AmResearch

Westports Holdings - Tariff hike not a done deal BUY

kiasutrader
Publish date: Mon, 10 Nov 2014, 09:54 AM

Westports held a conference call last Friday. The key takeaways are:-

1. The Transport Ministry’s decisions on whether to approve a container tariff hike proposal or if approved, the timing of the implementation, cannot yet be ascertained. The Port Klang Authority is happy with its proposals, but they are still in the hand of the ministry, which will deliberate on the matter. It remains status quo, with no certainty of an approval.

2. Westports expects growth from other routes to make up for the decline in container throughput emanating from the Asia-Africa route. The Ebola outbreak has resulted in the re-routing of cargo to and from Africa. For 3QFY14, container throughput from the Asia-Africa trade lane had declined by 0.4%, though still up by 22.6% for 9MFY14. Overall, it expects container throughput to grow by 9%-13% for FY14 and by 5%-10% for FY15. Our current assumption is an 8.3% growth rate.

3. Its expects the effective tax rate to be at 12%-14% for FY14, under the five-year Investment Tax Allowance (ITA) that expires at year-end.

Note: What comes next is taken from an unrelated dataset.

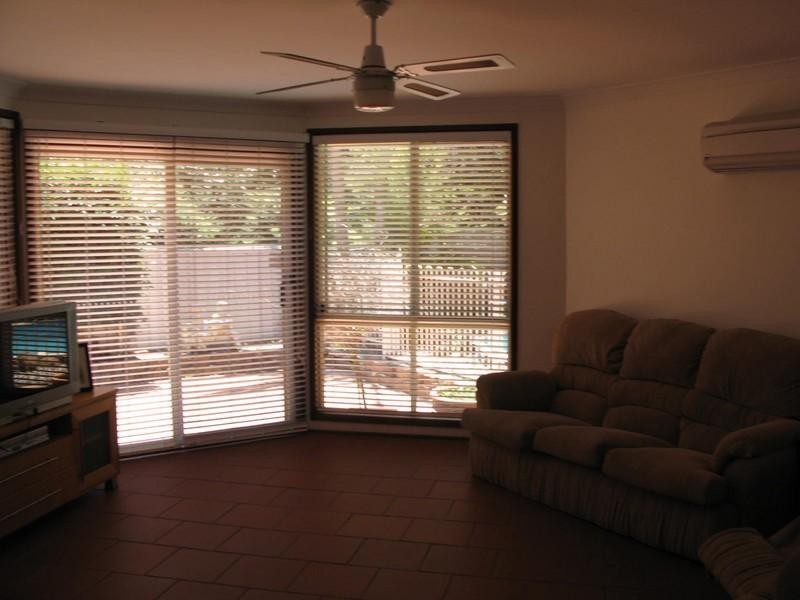 10 Halyard Street, Belmont NSW 2280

It has applied for another 5-year rotation, which could lead to a slightly less than 20% rate for FY15F.It has a 12-month window to push for the incentive. If not obtained, the tax rate will revert to the corporate tax rate of 24%. We have assumed the rates at 16% for FY14, 18% for the next five years and at 24% beyond that. Assuming the rate at 24% from FY15F onwards, our fair value will drop by ~2% to RM3.33/share.

4. It reiterates its belief that the port will benefit from the Ocean Three (O3) Alliance, which will strengthen Westports as their shipping hub. Management says the alliance, which starts in January 2015, is expected to be aggressive with most efficient slot cost in the region. A 19,000 TEU vessel is expected to call at Westports in early December for more of a “promotional tour”.

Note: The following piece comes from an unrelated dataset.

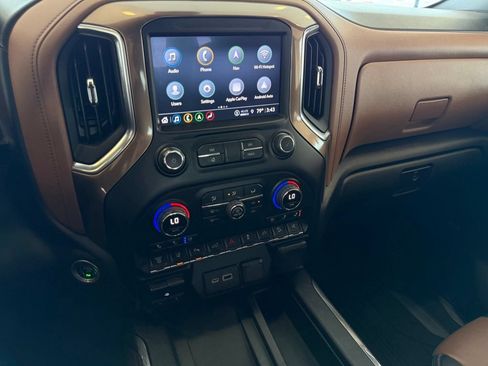 Used 2022 Chevrolet Silverado 2500 High Country w/ Z71 Off-Road Package AWD/4WD image 24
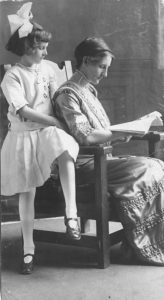 This formal portrait shows an impressive Emma Elinor Young with the Youngs adopted daughter Amber in 1906, the year they arrived in Eagle Rock. (Louanna Clark, Emma Young Collection)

5. The additional capacity of 3.8mil TEUs from CT8, which will be completed by mid-2017, comprises 1.26mil TEUs from additional cranes and 1.6mil TEUs from the new berths. The rollout of CT8 takes into account the formation of the O3 alliance.

We maintain our BUY call, with a DCF fair value of RM3.40/share. We believe the risks are skewed towards the upside given the potential container tariff hike.